Samples of Avicel (50 g L−1) or PWS (20 g L−1), 1 µM TtLPMO9E, 2 mM ascorbic acid in 50 mM citrate buffer pH 6 in a final volume of 200 µl were incubated in an Eppendorf ThermoMixer C at 50 °C. At varying time points (0–24 h), the enzymatic reaction was quenched by the addition of NaOH to a final concentration of 50 mM.
After 24 h, the samples were centrifuged at 1800×g and the supernatant was used for measuring C1-oxidized sites as described below.

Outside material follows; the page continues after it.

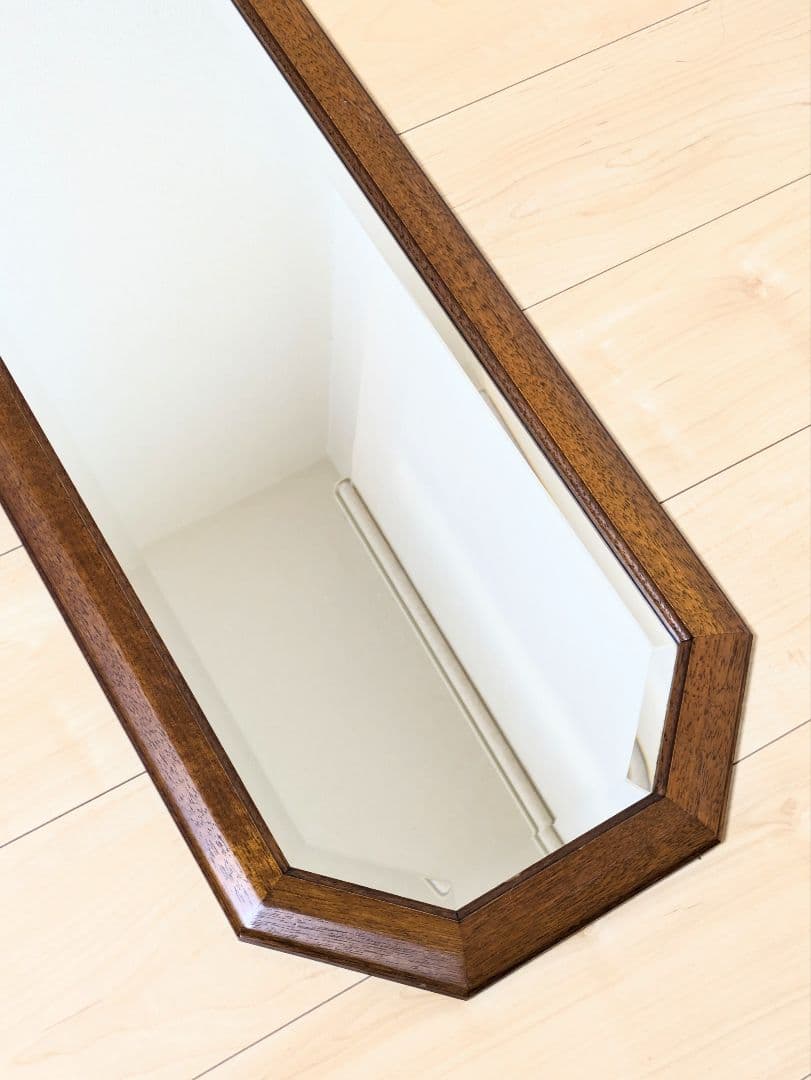 廃番 マルニ ヴィンテージ 地中海 八角 ウォールミラー 姿見 鏡 洋館 レトロ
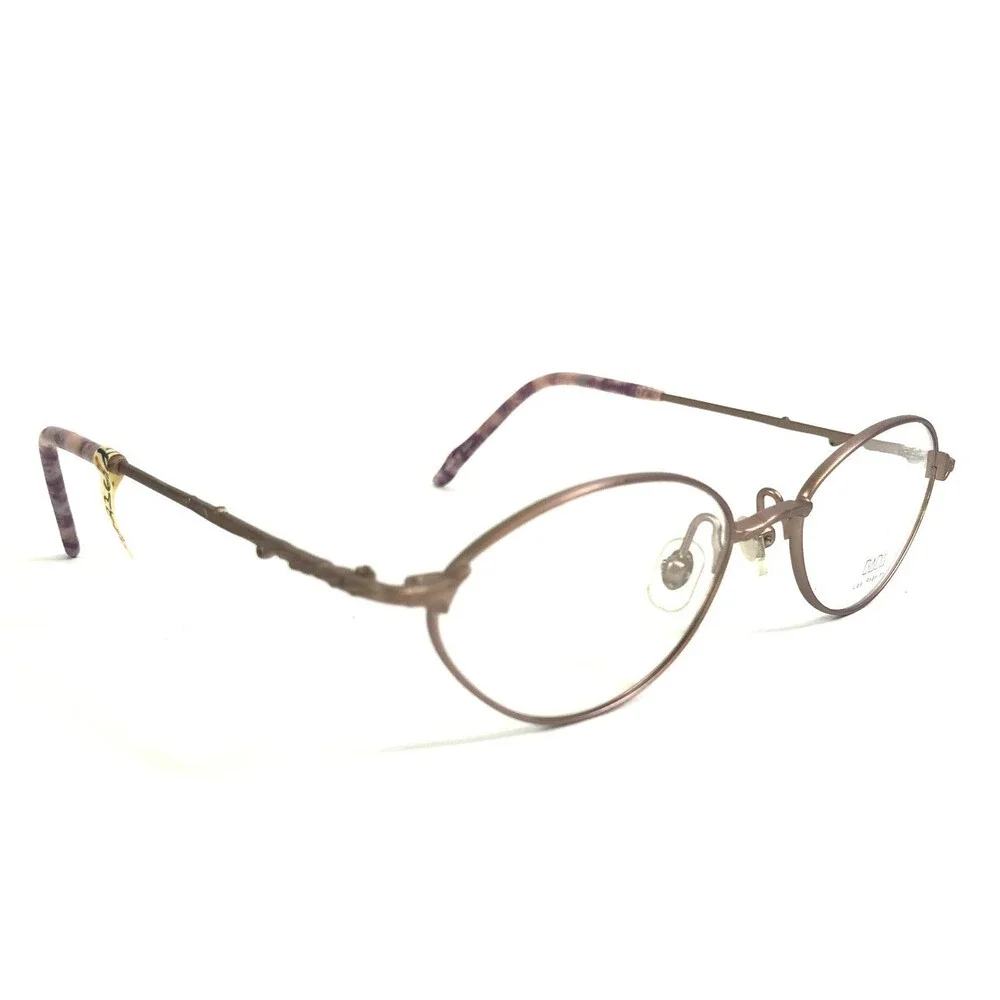 Vintage Petite BADA Eyeglasses Frames GRACE BG424 10VLT Matte Violet 49-19-135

The pellet was further hydrolyzed for measuring C1-oxidized sites in the insoluble fraction. The pellet was washed five times in 200 µL 50 mM citrate buffer pH 5, by centrifugation and resuspension, to decrease pH and remove soluble sugars. The pellet was resuspended in 50 mM citrate buffer. Cellobiohydrolase I (CBHI) from Trichoderma longibrachiatum was added to a final concentration of 0.5 g L−1 in a final volume of 200 µL. The samples were incubated in an Eppendorf ThermoMixer C at 50 °C for 24 h at 1100 rpm after which the samples were centrifuged. The supernatant was used for measuring C1-oxidized sites revealed by the CBHI as described below.
Quantification of gluconic acid by HPAEC-PAD
100 µL of the supernatant was diluted in 50 mM citrate buffer pH 5 together with 5 U ml−1 β-glucosidase from Aspergillus niger to a final volume of 200 µL. The samples were incubated at 50 °C for 24 h before the samples were filtered through a nylon filter with a pore size of 0.45 µm and loaded in HPLC vials.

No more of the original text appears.